D’un côté, lancer une grande enquête nationale inédite sur la portée de l’action sociale des communes et des intercommunalités, comme vient de le faire le ministère des affaires sociales, et de l’autre, encourager les maires à s’exonérer progressivement de toute préoccupation sociale au détriment du principe républicain d’égalité de nos concitoyens devant le service public.
Derrière tout cela, se pose la question fondamentale du sens de l’action sociale de proximité. Ce que l’on en attend. Ce que l’on veut en faire. Entre une action sociale conçue et reconnue comme un levier majeur de développement territorial et, une autre, strictement curative, cantonnée à une vision d’urgence et de réparation, il faudra nécessairement choisir. Les CCAS et les CIAS ont choisi la première option. Rien n’est moins sûr du côté de l’Etat.

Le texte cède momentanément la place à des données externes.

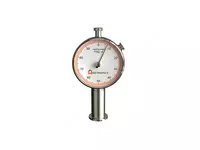 Portativ qattiqlik tekshirgichlari (durometrlar) TPSH-A (C  D)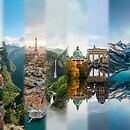 Europe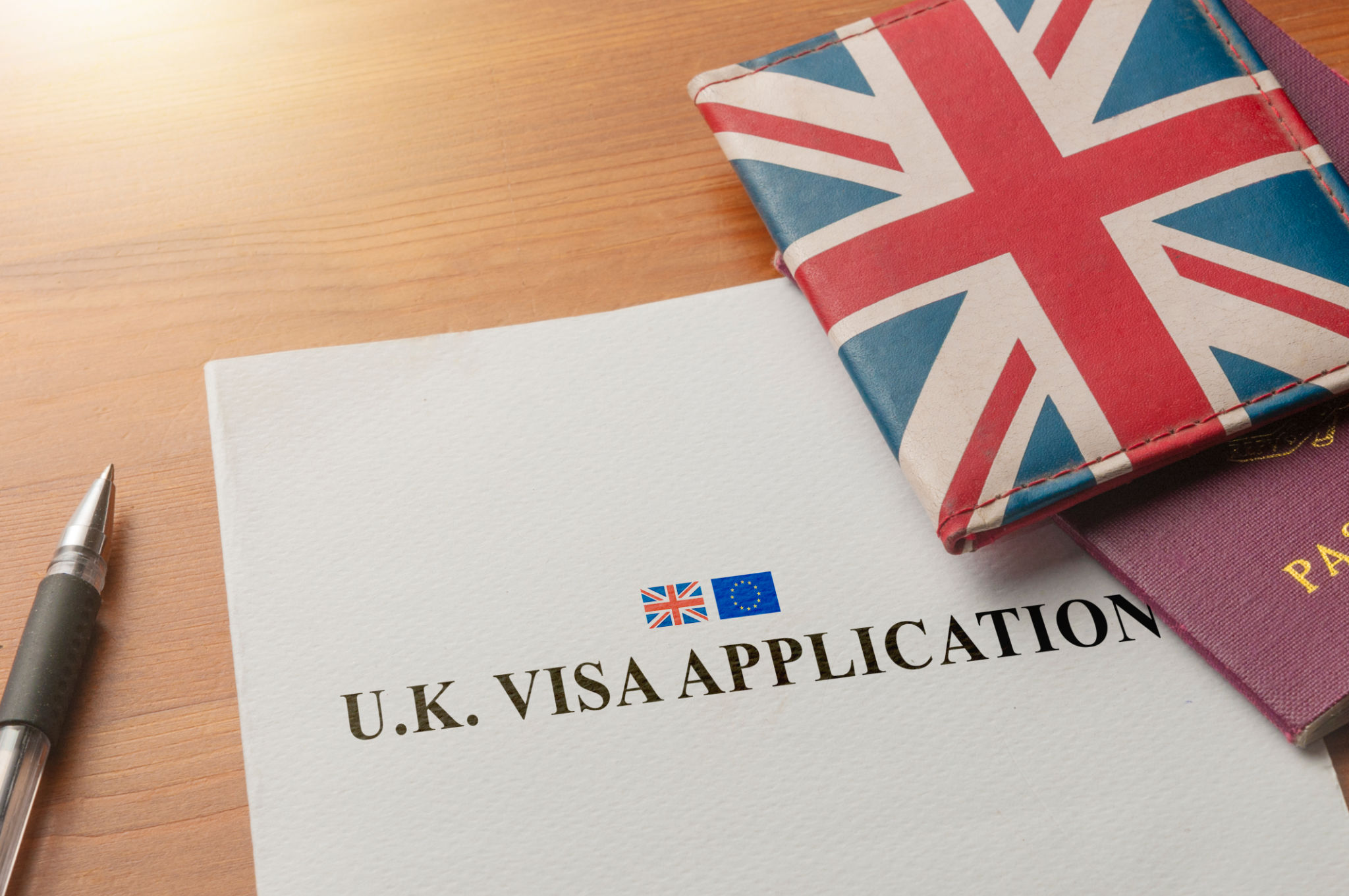 uk work visa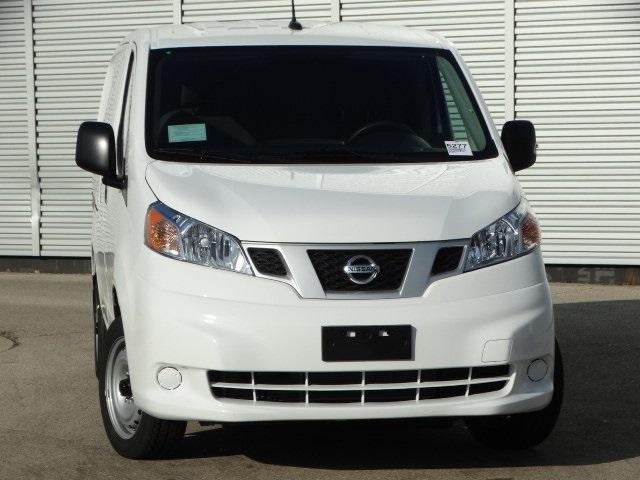 54957-3615-nissan-nv200-2020-66110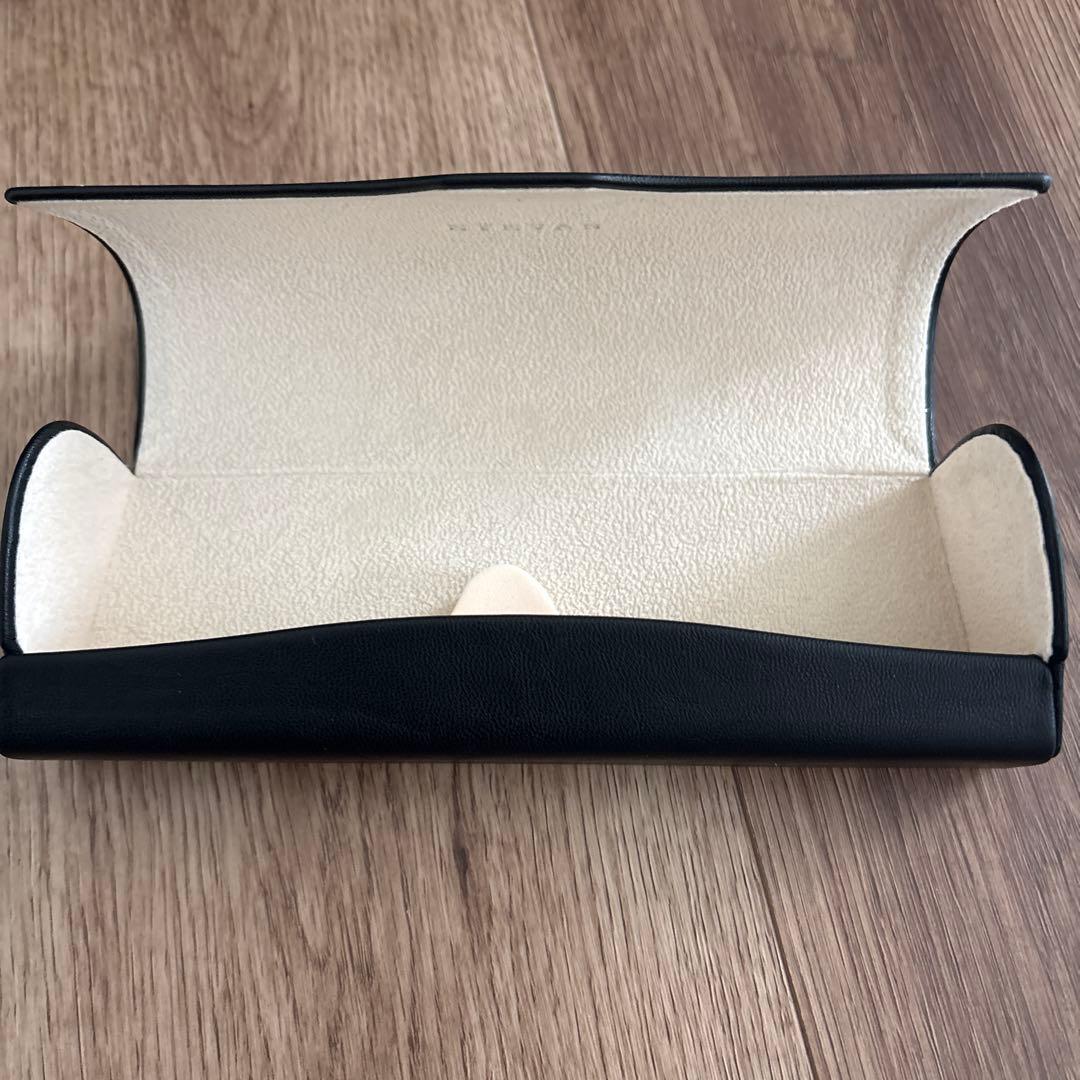 EYEVAN Sadler サドラー PBK ブラウンレンズ　47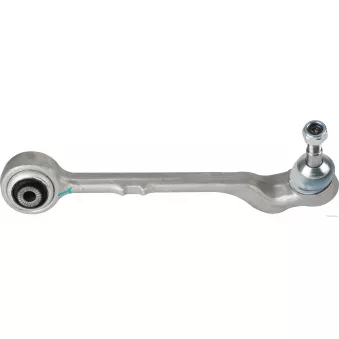 Triangle ou bras de suspension (train avant) HERTH+BUSS JAKOPARTS OEM 31126770850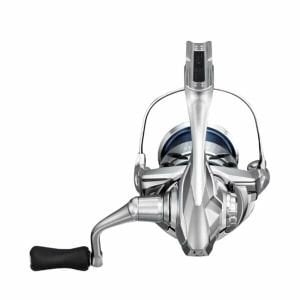 Shimano Stradic FM 4000 XG Spin Olta Makinesi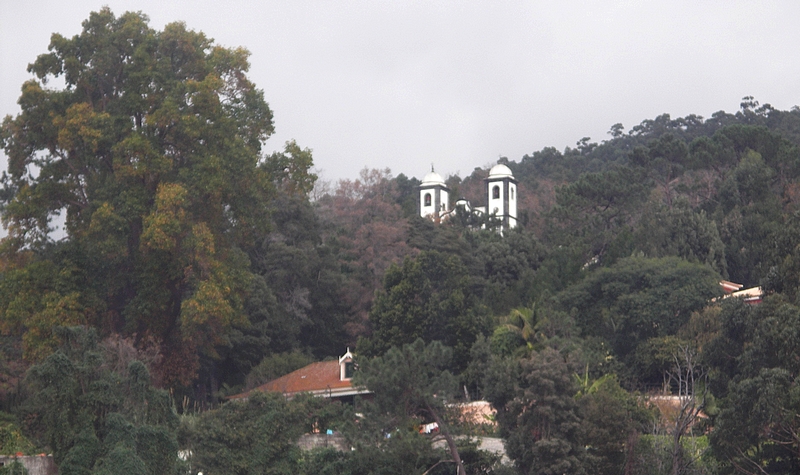 Madeira 019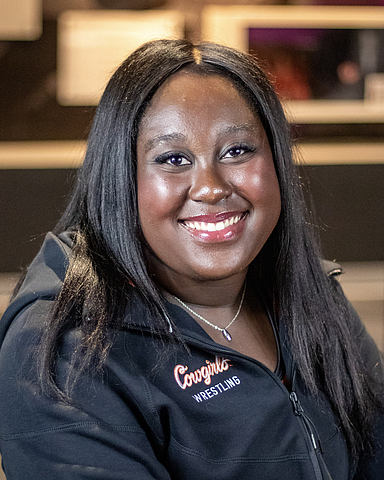 Victory Nanna Victory Nanna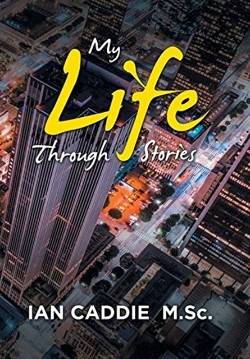Bertrand.pt - My Life Through Stories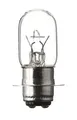 Produktbild: SPAHN-Glühlampe 12V 35/35W Px15d Glühbirne Lampe Birne 12Volt 35/35Watt neu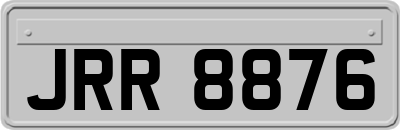 JRR8876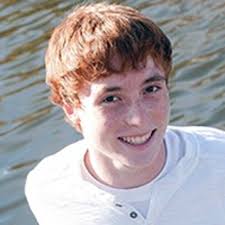 Obituary for Dominick Weber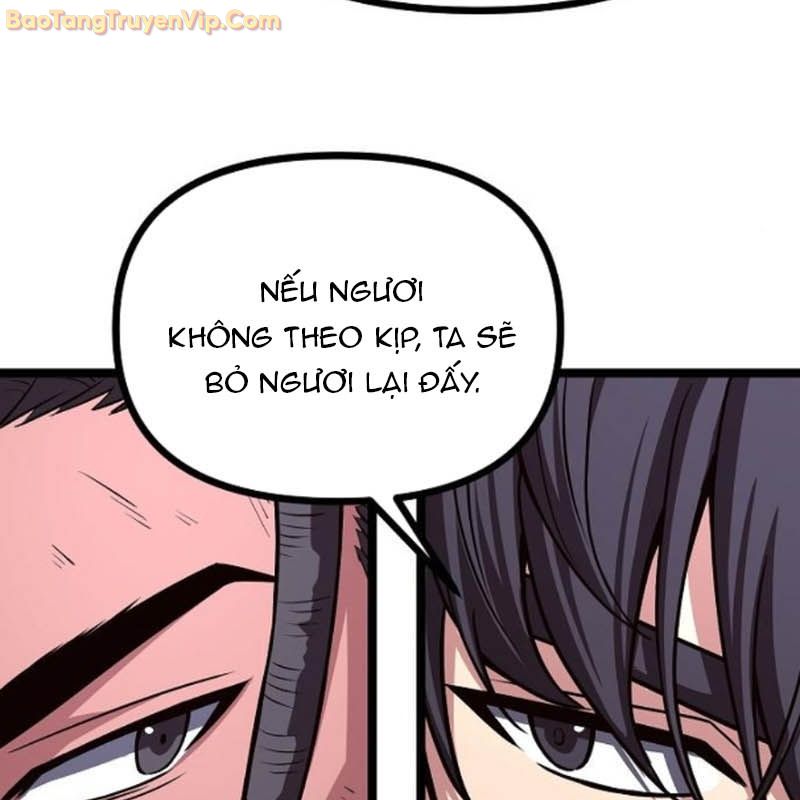 Thông Bách Chapter 29 - Trang 2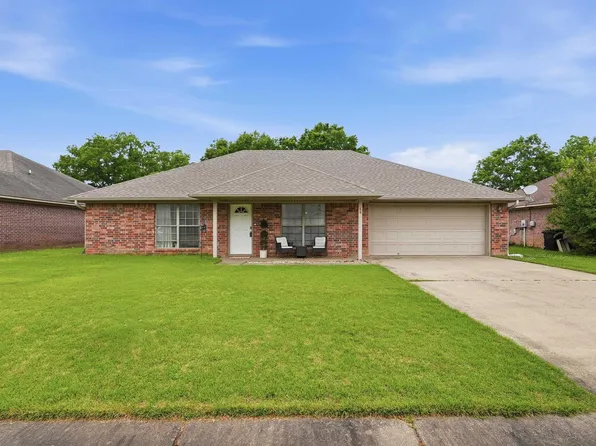 44 Blair Dr, Vilonia, AR 72173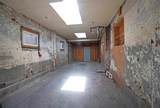 145 Court Street - Photo 19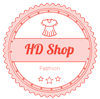 HD Shop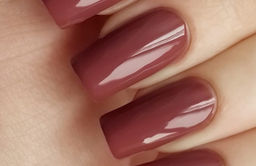 El Corazon 423/ 275 active Bio-gel Cream сиреневый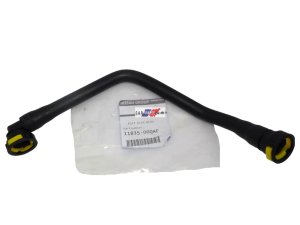 Tuyau d'Huile 8200331679 Renault Master 2 Neuf Origine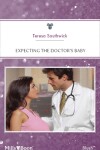 Book cover for Expecting The Doctor's Baby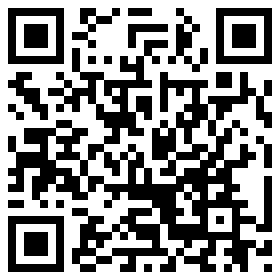 qrcode für Microsoft Surface Laptop CP 13" SD P8/16GB/512GB ohne Netz W11P - EP2-31637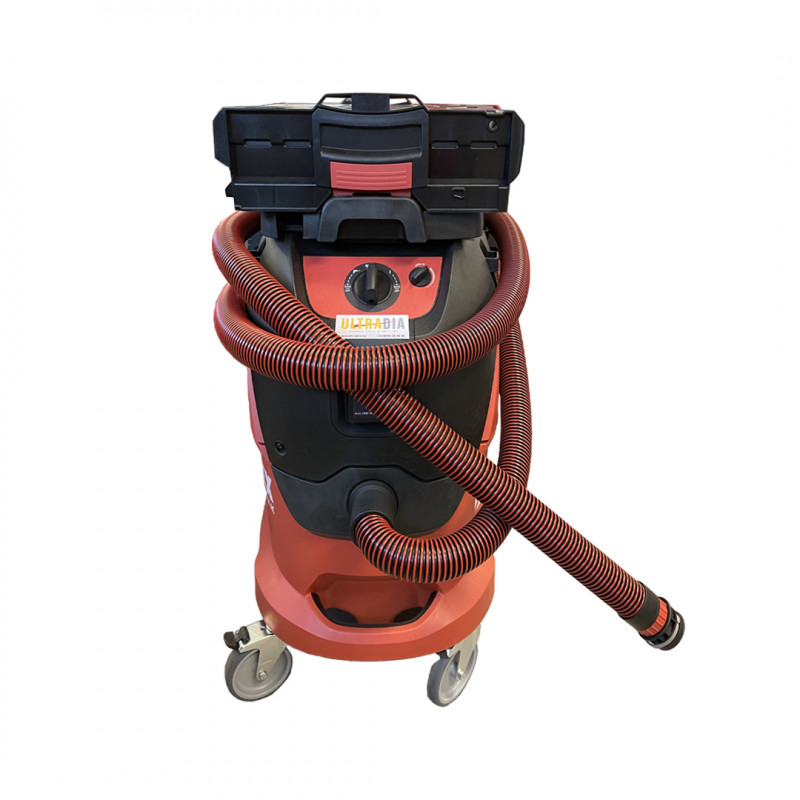 VCE 33 L AC – Aspirateur à poussières 33 L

Pour dissiper tout malentendu sur ce point et sur ce qui est vécu aujourd’hui par les élus et les quelques 123.000 agents de nos CCAS et CIAS comme un profond désaveu de leur action au quotidien, il est urgent que l’Etat traduise en actes sa volonté de maintenir le lien social sur l’ensemble de nos territoires. Sauf à vouloir délibérément confisquer aux élus locaux leurs prérogatives et vider de leur substance les outils mis à leur disposition pour leur permettre de répondre, à la hauteur de leurs moyens et de leur mission, à une demande sociale grandissante. Clarté, cohérence et responsabilité s’imposent. Vite.